My postdoctoral contract is being extended another 7 months, which seems like good news. Coz that lets me stay here in the same lab for some time while I look for a new postdoctoral job. I am grateful that at least I have this job, while some of my friends are yet to find one because of funding issues or have had to leave one because of visa issues. So far, I face neither. I accepted the offer and then I found out that the salary I was being offered was less than even the minimum stated by the NIH. And that, when I was eligible for more than the minimum because at the start of my reappointment, I will have 2 years of experience. But no, I am being offered less than the minimum given to someone with 0 years of postdoctoral experience.

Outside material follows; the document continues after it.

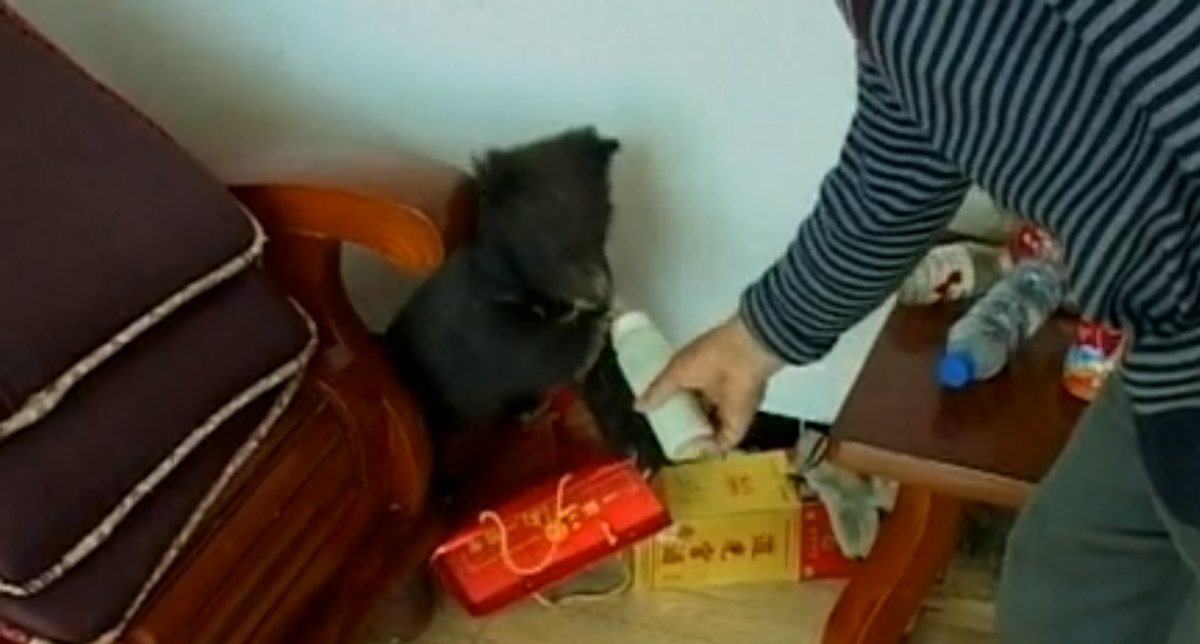 2010年辽宁农妇收留黑熊“弃婴”，当成孙子养，驯养得温顺可爱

I hate this systemic exploitation. I know I don’t have another job lined up right now. But, this only motivates me to leave this place sooner. How can someone be given so little when so much is demanded from them?
Sometimes I think why I even did a PhD when I don’t even get valued for it! I do love research, but hey, if your boss does not even acknowledge your years of experience, then it is sheer disrespect to yourself. Postdocs are the rare breed that are at that stage in their lives when they want to have a stable life. But, we are over-worked and underpaid to the extent that we have no personal life left and are working even on weekends. I want to move out of this misery. I want to be free, free to work with people who value my contribution, free to have a life and free to be stable and live my life the way I want with no guilt hovering over me when I don’t work in weekends.
My personal goals would then be to:
- Get a new job with better pay where I am valued.
- Find out all the J visa loopholes and rules and regulations and get the waiver in a timely manner.
- Explore options in industry.
- Finally settle down with my boyfriend and stop this horrible long-distance that we’ve been having for almost 3 years now.